Yayasan Kesejahteraan Berkelanjutan Indonesia (SUSTAIN) menilai rencana untuk mengurangi subsidi listrik dengan meningkatkan pemanfaatan energi surya sebagai langkah yang tepat. Ini juga sejalan dengan agenda dekarbonisasi di sektor energi, khususnya ketenagalistrkan.
“Namun, itu hanya bisa dilakukan jika biaya pembangkitan listrik tenaga surya bisa diturunkan menjadi di bawah PLTU batubara, yang saat ini menjadi sumber 60 persen listrik nasional,” ujar Tata Mustasya, Direktur Eksekutif SUSTAIN, Tata Mustasya, Senin (22/9).
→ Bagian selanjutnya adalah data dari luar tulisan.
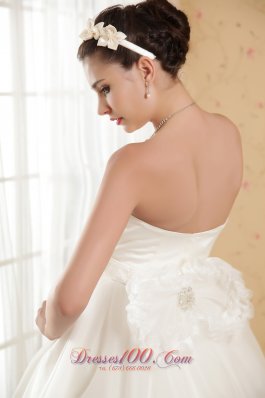 Luxurious Strapless Tulle Taffeta Beaded Wedding Dress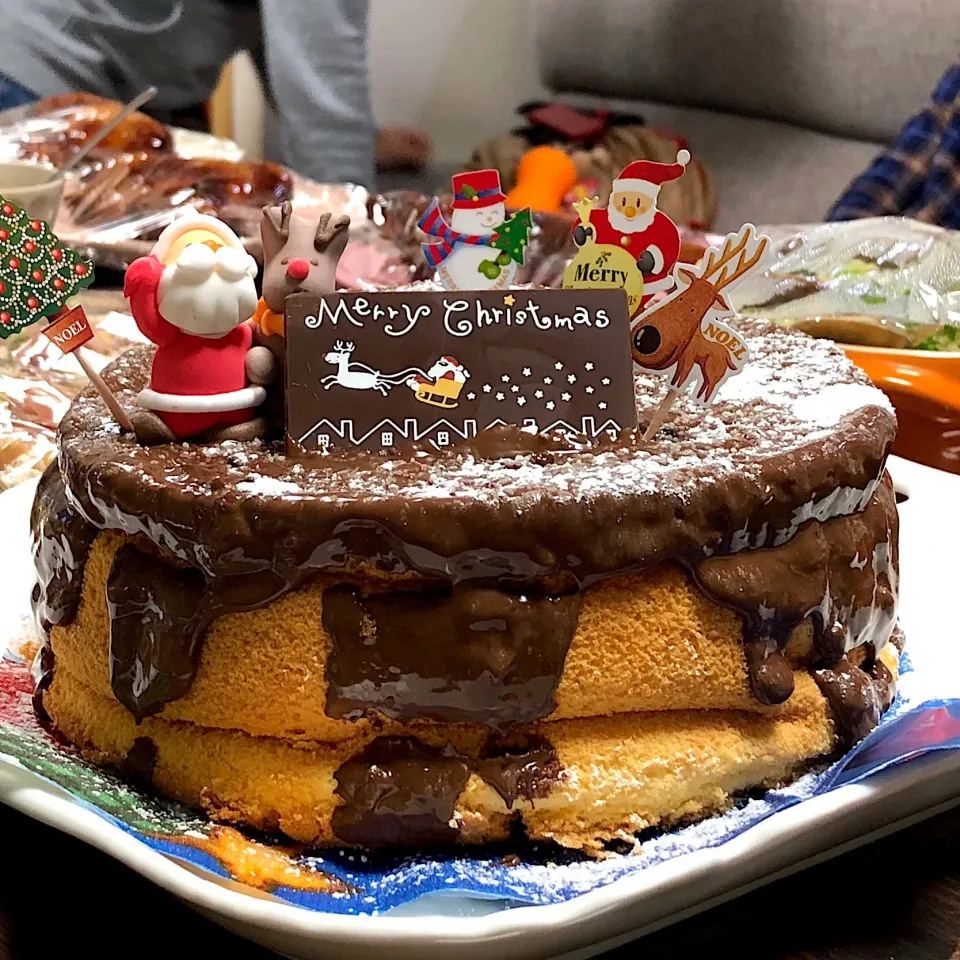 Snapdishの料理写真:X'masスペシャルディナー😆（笑）  #チョコレートシフォンケーキ|いしくん。（たまご王子🥚🐣🐥🐔）さん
Berdasarkan catatan Kementerian Keuangan, subsidi listrik terus meningkat setiap tahun. Realisasi belanja subsidi energi tahun 2024 sebesar Rp 177,62 triliun, naik 8,1 persen dari tahun 2023. Porsi subsidi listrik menjadi yang terbesar kedua dengan persentase 42,7 persen, atau sebesar Rp 75,8 triliun.
Menurut Tata, agar penggunaan tenaga surya di Indonesia bisa menurunkan subsidi energi seperti yang ditargetkan oleh Kementerian Keuangan, maka energi surya harus murah (low cost). Untuk itu, diperlukan empat kebijakan agar rencana Kementerian Keuangan ini bisa terlaksana segera.
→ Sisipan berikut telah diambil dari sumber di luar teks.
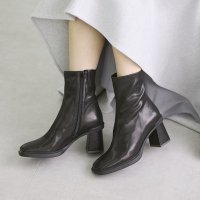 carino/モード エ ジャコモ カリーノ MODE ET JACOMO carino スクエアトゥブロックヒールブーツ/506887548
Pertama, Kementerian Keuangan bersama Kementerian Energi dan Sumber Daya Mineral (ESDM) harus memberikan insentif untuk pembangkit listrik tenaga surya baik untuk industri, bisnis, maupun rumah tangga. Insentif terbukti sebagai kunci dari keberhasilan pemerintah dalam mendorong penggunaan kendaraan listrik (electric vehicles/EV) sehingga pasarnya kini lebih menarik bagi produsen dan konsumen.
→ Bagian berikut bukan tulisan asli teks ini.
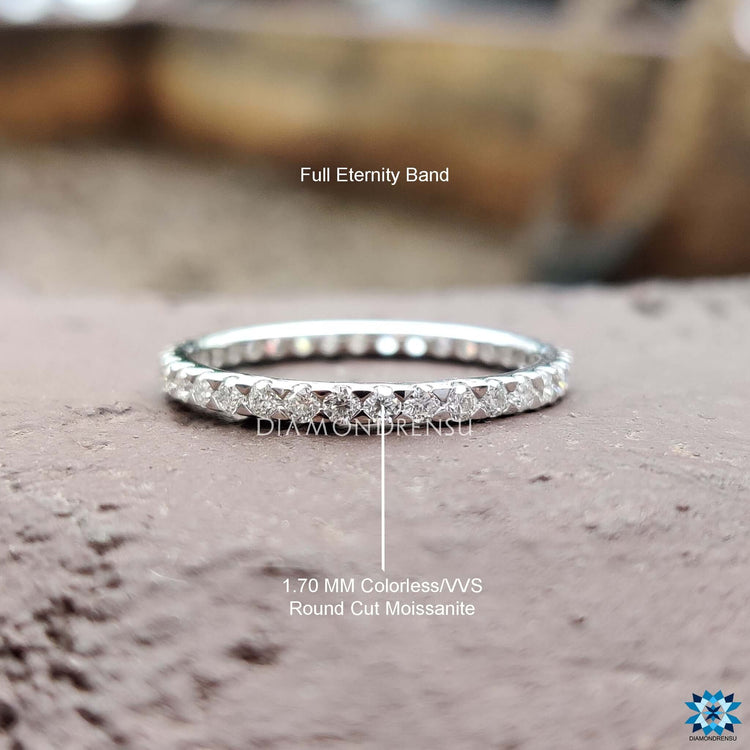 Moissanite wedding band for an elegant and understated look.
Menurut PwC, porsi kendaraan listrik dari total penjualan kendaraan penumpang di Indonesia meningkat dari 9 persen tahun 2023 menjadi 15 persen pada 2024, dan diproyeksikan mencapai 29 persen pada 2030 mendatang.
Kedua, Kementerian Keuangan bersama Kementerian ESDM dan PT PLN (Persero) harus mendorong penggunaan listrik tenaga listrik surya secara masif di daerah-daerah. Ini perlu dilakukan untuk mencapai skala keekonomian dan menurunkan biaya. Saat ini, baru dua provinsi yang sudah memiliki regulasi daerah untuk pengembangan surya yakni Bali dan Jakarta.
Tata melihat laju realisasi kapasitas terpasang energi surya relatif lambat dalam lima tahun terakhir. Sejak tahun 2019 hingga 2024, penambahannya hanya 753,8 MW. Padahal, sejak beberapa tahun lalu, energi surya didorong untuk memasuki orde gigawatt (GW atau setara 1.000 MW).
“Untuk lebih memajukan inisiatif penggunaan energi surya dari daerah, Pemerintah dan PLN harus membuat kebijakan yang mendorong daerah untuk menggunakan energi surya,” ujarnya.
Ketiga, Kementerian Keuangan bersama pengambil kebijakan lain harus membuat paket kebijakan di mana penggunaan listrik tenaga surya terhubung dengan industri manufaktur, seperti industri pembuatan panel surya dan baterai. Untuk mendorong pertumbuhan industri pembuatan panel surya dan baterai di dalam negeri, pemerintah perlu menarik investasi atau menggeser alokasi investasi yang tersedia saat ini untuk fokus pada pengembangan industri rantai pasok energi surya.
Catatan SUSTAIN, salah satu sumber pendanaan yang bisa difokuskan untuk pengembangan surya adalah melalui skema Belt and Road Initiative (BRI) yang disalurkan Pemerintah China.
Data total investasi energi China lewat skema BRI sekitar US$ 900 juta di tahun 2023, di mana alokasi sebesar 43,75 persen untuk batubara dan 56,25% untuk energi terbarukan.
“Dengan menggeser peruntukan dana BRI pada sektor energi seluruhnya untuk energi terbarukan saja, maka Pemerintah bisa mendapatkan pendanaan sekitar Rp 14,4 triliun per tahun untuk mendorong pertumbuhan industri pembuatan panel surya dan baterai di dalam negeri,” ungkap Tata.
Selain itu, menurutnya, dengan membangun industri manufaktur lokal untuk energi surya dapat meningkatkan pertumbuhan penyerapan tenaga kerja, terutama green jobs. Menurut RUPTL 2025-2034, proyek PLTS di Indonesia akan menciptakan 348,057 peluang tenaga kerja.
Keempat, pemerintah bersama Kementerian ESDM dan PLN harus segera memulai pembangunan smart grid yang memerlukan pembiayaan sebesar US$ 19,6 miliar. Dananya bisa diperoleh dari peningkatan pungutan produksi batubara.
“Grid merupakan kunci bagi pembangunan energi surya secara masif,” tegas Tata.